You need to know it is into ebps\races\german\soldiers\grenadiers\grenadiers_mp.json
There you can find everything about the gren. We might not want to display everything on the site because it wouldn't be very userfriendly or even useful.
You can relate to the current page while you can if that helps you :
http://coh-moderncombat.com/CoH2Stats/Axis/Soldiers/grenadiers.html
First array of the file contains the abilities grenadier_panzerfaust_mp, grenadier_rifle_grenade_ability_mp, etc
Basically you can find all the info on the file, it just needs to be defined what is where. It is probably a good idea to list here, as a post, what info we want to grab and to what they correspond on the file.

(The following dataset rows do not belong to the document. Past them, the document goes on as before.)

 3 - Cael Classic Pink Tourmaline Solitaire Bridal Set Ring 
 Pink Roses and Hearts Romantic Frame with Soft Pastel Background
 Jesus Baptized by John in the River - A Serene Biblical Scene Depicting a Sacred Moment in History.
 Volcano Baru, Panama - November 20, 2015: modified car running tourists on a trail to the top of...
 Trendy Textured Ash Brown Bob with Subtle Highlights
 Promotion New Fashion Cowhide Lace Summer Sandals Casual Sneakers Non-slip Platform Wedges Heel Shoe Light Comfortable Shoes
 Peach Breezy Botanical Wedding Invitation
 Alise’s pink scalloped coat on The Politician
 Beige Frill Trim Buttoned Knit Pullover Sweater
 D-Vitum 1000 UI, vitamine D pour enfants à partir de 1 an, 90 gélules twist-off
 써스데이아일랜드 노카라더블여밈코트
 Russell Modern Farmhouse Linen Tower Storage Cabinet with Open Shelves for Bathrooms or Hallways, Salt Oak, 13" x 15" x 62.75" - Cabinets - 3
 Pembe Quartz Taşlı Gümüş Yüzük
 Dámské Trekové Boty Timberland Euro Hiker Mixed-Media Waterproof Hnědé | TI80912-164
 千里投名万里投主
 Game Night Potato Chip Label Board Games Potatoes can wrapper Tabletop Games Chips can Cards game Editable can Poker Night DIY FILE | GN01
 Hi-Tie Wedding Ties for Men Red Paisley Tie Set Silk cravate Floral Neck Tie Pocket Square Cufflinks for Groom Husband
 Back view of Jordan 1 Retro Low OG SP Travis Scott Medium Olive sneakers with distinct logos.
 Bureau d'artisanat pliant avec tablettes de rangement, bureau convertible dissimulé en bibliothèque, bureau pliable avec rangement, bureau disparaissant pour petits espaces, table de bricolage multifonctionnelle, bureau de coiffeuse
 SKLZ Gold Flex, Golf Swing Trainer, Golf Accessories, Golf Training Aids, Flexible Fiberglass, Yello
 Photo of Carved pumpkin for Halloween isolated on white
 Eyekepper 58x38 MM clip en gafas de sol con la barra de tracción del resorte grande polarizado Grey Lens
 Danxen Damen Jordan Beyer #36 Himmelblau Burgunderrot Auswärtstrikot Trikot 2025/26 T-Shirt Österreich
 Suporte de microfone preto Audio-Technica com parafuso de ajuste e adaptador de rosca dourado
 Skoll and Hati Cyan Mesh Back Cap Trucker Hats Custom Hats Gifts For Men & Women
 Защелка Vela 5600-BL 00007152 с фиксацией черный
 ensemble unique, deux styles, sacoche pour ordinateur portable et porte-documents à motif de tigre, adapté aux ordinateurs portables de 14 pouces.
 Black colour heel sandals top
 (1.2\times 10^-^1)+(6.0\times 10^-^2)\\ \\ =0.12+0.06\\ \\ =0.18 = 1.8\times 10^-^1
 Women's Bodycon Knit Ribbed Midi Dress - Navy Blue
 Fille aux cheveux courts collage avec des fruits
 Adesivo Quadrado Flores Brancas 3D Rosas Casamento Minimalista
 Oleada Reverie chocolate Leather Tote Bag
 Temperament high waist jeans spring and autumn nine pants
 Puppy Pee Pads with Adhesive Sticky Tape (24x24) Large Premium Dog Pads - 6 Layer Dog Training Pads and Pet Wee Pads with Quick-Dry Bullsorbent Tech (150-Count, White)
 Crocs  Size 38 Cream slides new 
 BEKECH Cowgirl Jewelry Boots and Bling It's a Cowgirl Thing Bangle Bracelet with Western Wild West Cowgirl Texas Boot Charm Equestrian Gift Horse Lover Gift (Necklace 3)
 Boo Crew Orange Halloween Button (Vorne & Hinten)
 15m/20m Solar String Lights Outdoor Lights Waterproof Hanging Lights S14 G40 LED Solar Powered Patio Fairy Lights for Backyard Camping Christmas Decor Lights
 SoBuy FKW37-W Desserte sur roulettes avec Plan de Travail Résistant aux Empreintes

This is not even coding work yet, just giving name to elements, and sorting them out.
Then, after it's done for the grenadier, it must obviously be done for all other units. And for every used reference.
To take the example again, we're going to list grenadier_panzerfaust_mp on the grenadier's page as ability. So we need to show its info and have a dedicated page for it. We need to know/figure out the info is on "abilities\german\modal_ability\accessory_weapons\grenadier_panzerfaust_mp.json"
There we can find info such as cost.
Then we also need to know about "slot_item\german\ballistic_weapon\infantry_at_weapon\grenadier_panzerfaust_mp.json" which is telling us the actual weapon is "weapon\axis\ballistic_weapon\infantry_anti_tank_weapon\panzerfaust_atw_mp.json" so we can actually see the damage it would do (80 as it is now), deflection dmg 0, penetration would be 1000 if I read this right, how it is fired, etc.
In summary 80% of the work is figuring out what and where is everything and what we actually want to display (current coh2stats site is missing a lot of interesting information, for example criticals). Being able to use ctrl+f either for filename and file content across multiple files at once is a must. Some of it could or not be scripted. Then there's 10% to actually write the parser, and 10% to write the conversion to whatever format I'll decide (mostly either sql or http request). And then it's on us to render that info properly on the site from our database.